Repository for experimenting with different inter-epoch shuffling methods in data parallel training of neural networks.
This repository is dedicated to the exploration of various techniques for shuffling data between epochs during the training of neural networks. The primary goals of this research project are:
- Reducing Communication Overhead: Find methods that require less communication between nodes/ranks in distributed training environments.
- Sequential Data Access: Develop strategies that allow for sequential data access during training.
- Maintaining Quality Metrics: Ensure that the quality of models trained using these shuffling methods remains state-of-the-art (SOTA).
- Identify efficient data shuffling techniques for neural network training.
- Investigate ways to minimize communication overhead in distributed training setups.
- Preserve or improve the quality of trained models while optimizing data shuffling.
This repository is relevant for you if:
- You're interested in speeding up the training of neural networks by reducing shuffling overhead.
- You're exploring the usage of Data Parallelism (DDP) on a Slurm cluster.

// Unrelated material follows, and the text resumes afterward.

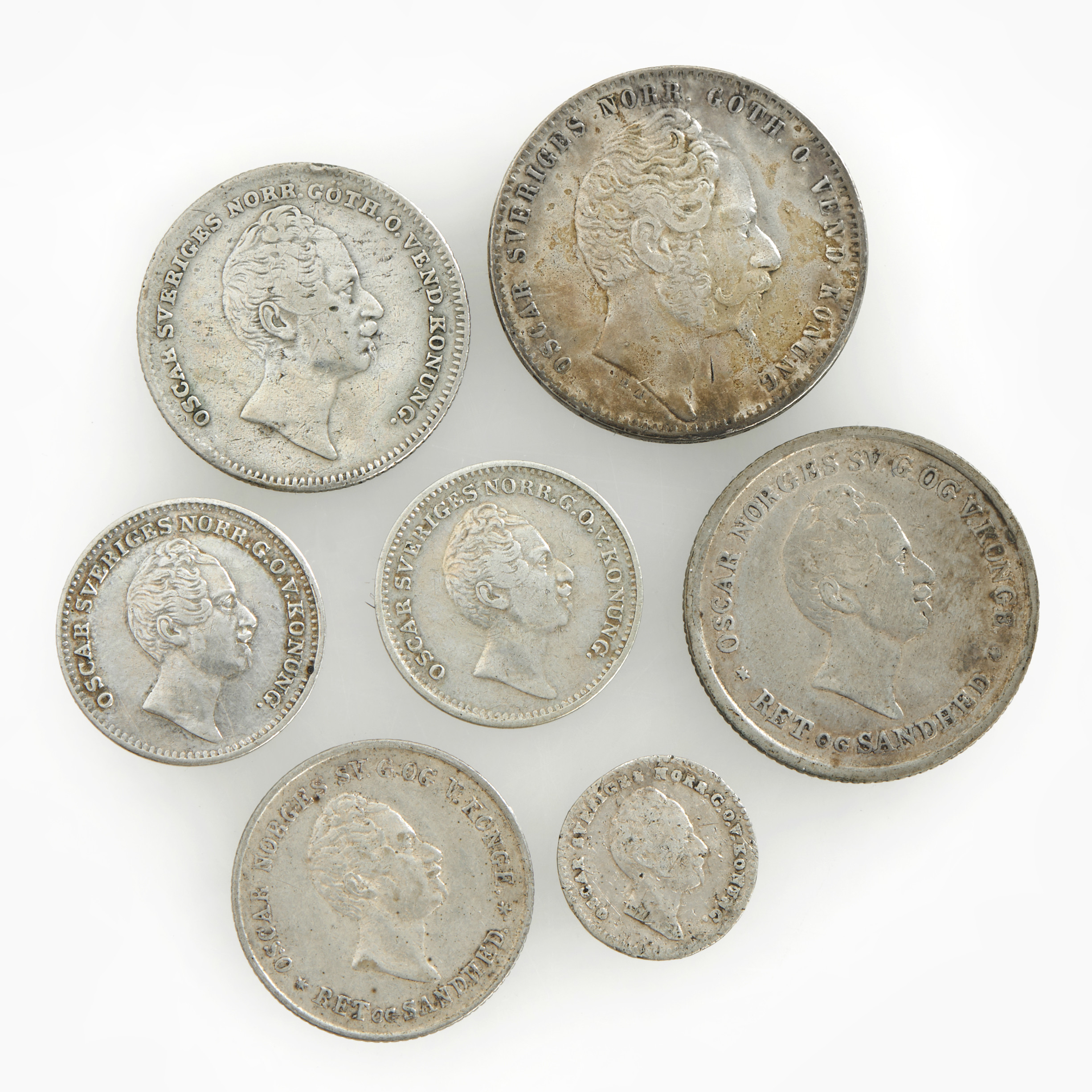 OSCAR I (1844-1859) 7 st silvermynt Sverige/Norge.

- You're curious about innovative techniques for managing data in deep learning projects.
- Clone the repository
- Install requirements.txt
- Adjust the system-config.yaml file to your needs
- Add your own run-config in the run-configs folder
Slurm Cluster: 5. Add your own Slurm batch script in the slurm folder 6. Submit the Slurm job
Local (4 processes fixed!, CPU execution): 5. torchrun --nproc_per_node=4 main.py --config_path=run-configs/.yaml
The repository is organized as follows:
.
├── README.md
├── data
├── notebooks
├── run-configs
├── slurm
├── src
│ ├── main.py
│ ├── data
│ │ ├── data.py
│ │ ├── datasets.py
│ │ ├── partition.py
│ │ ├── sorted_dataset.py
│ ├── models
│ │ ├── models.py
│ ├── training
│ │ ├── train.py
│ │ ├── custom_sampler.py
│ │ ├── stratified_sampler.py
│ ├── util
│ │ ├── cases.py
│ │ ├── helper.py
│ ├── visualization
├── test
├── wandb
├── system-config.yaml
This file contains all configuration elements that are system specific and run-independent. This includes the ddp port, the system type (server | local) and the entire specification of available datasets. Therefore, only this file needs to be changed when adding/removing/updating datasets.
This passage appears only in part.